WORK INSTRUCTIONS – Extract precisely the lines that run from the line containing "PFF grades from" to the end of the records below, with both ends included and pictures omitted.

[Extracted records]
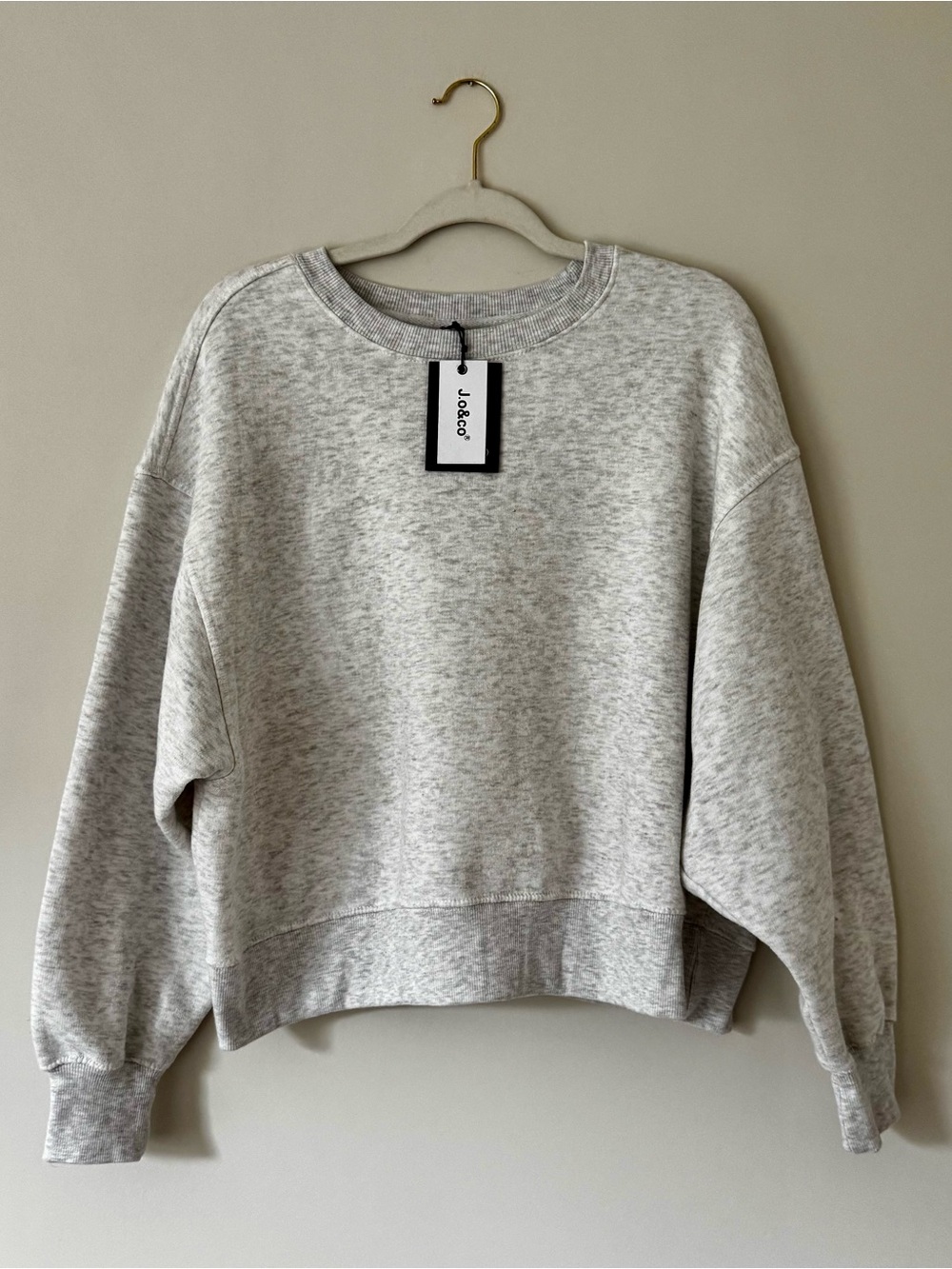 NWT J.o&co Cropped Boxy Crewneck Sweatshirt, Cloud White Heather Grey – XL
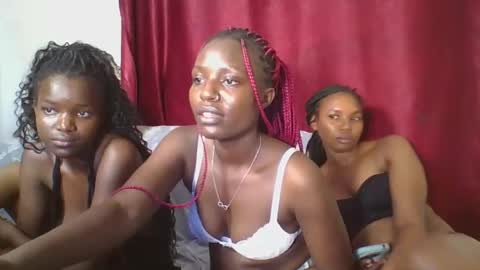 Snapshot of bootie_caramel chatting on February 20, 2025, 1:40 pm bootie_caramel online show from February 20, 2025, 1:40 pm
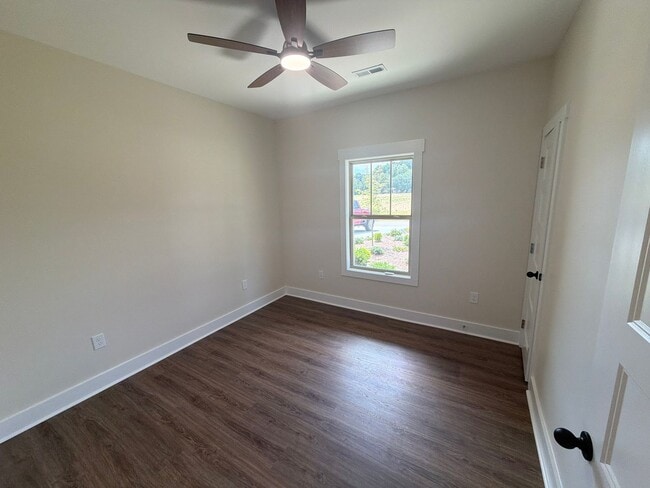 Building Photo - 225 Deer Trail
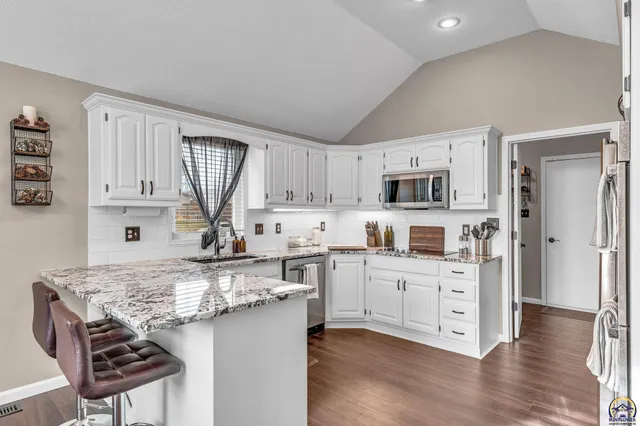 $464,950 | 7710 Southwest 27th Street, Topeka, KS 66614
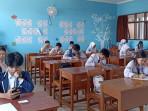 halaman-7-8-Bahasa-Indonesia-kelas-8.jpg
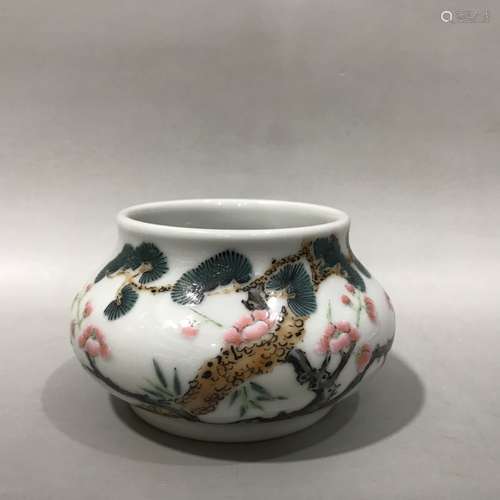 Fencai glaze waterpot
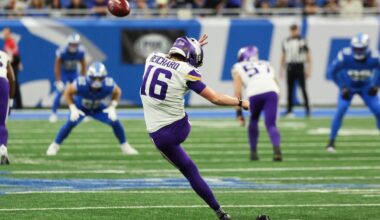 PFF grades from the Vikings win over the Lions in Week 9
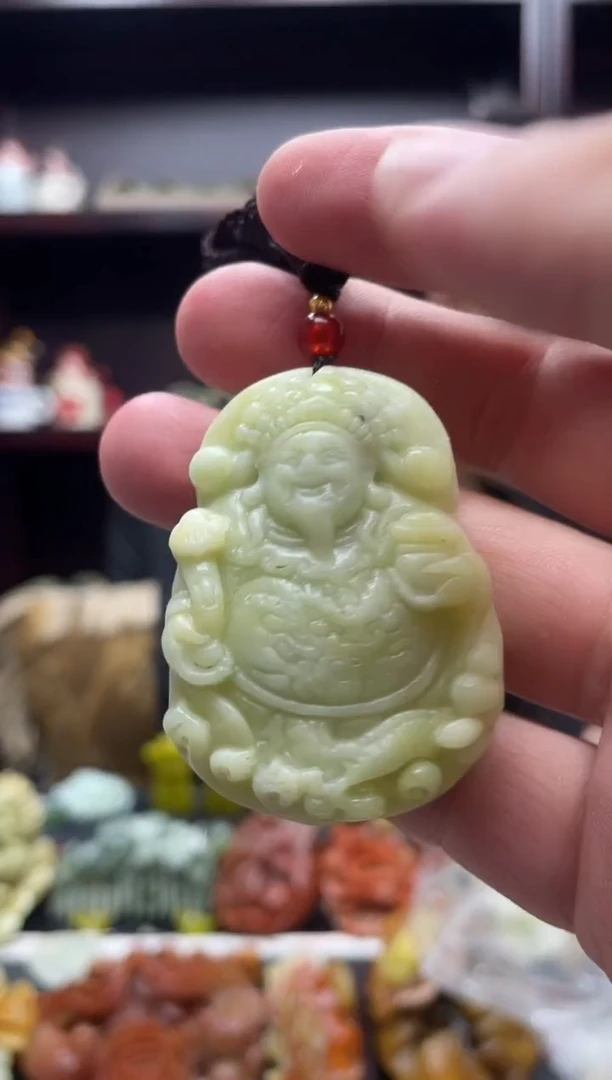 岫玉未镶嵌吊坠·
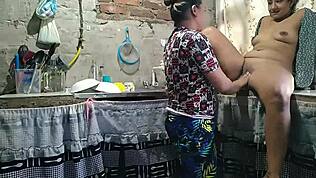 מאז שבעלי לא כאן, אני קוראת לחברה הכי טובה שלי לכיף לסבי פרוע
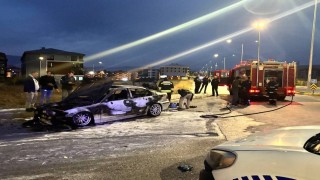 Erzincanda seyir halindeki otomobil alev aldı: 2 kişi son anda kurtuldu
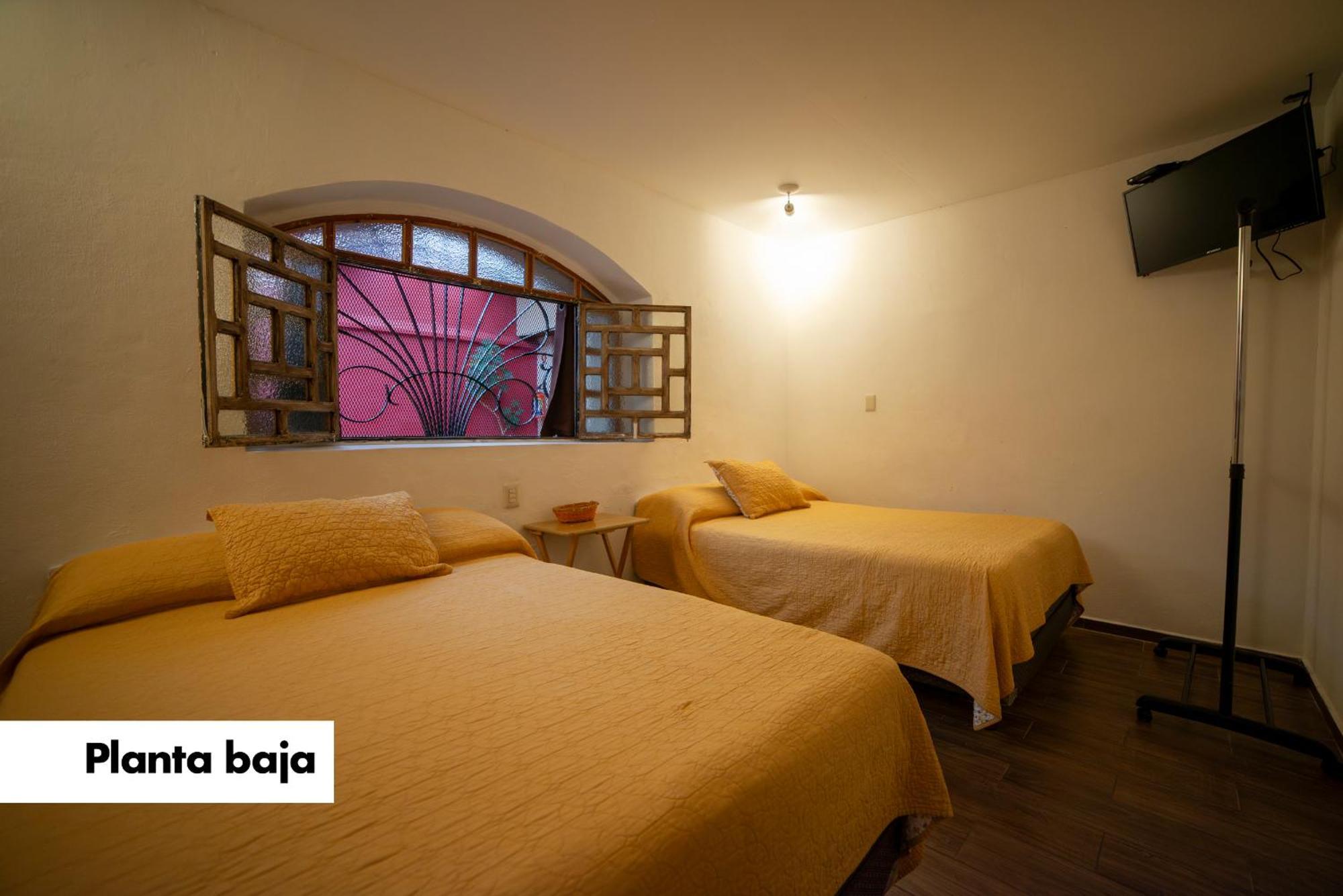 Casa Madero Hotel San Cristobal de las Casas Luaran gambar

EXERCISE ANSWER –
 PFF grades from the Vikings win over the Lions in Week 9
 岫玉未镶嵌吊坠·
 מאז שבעלי לא כאן, אני קוראת לחברה הכי טובה שלי לכיף לסבי פרוע
 Erzincanda seyir halindeki otomobil alev aldı: 2 kişi son anda kurtuldu
 Casa Madero Hotel San Cristobal de las Casas Luaran gambar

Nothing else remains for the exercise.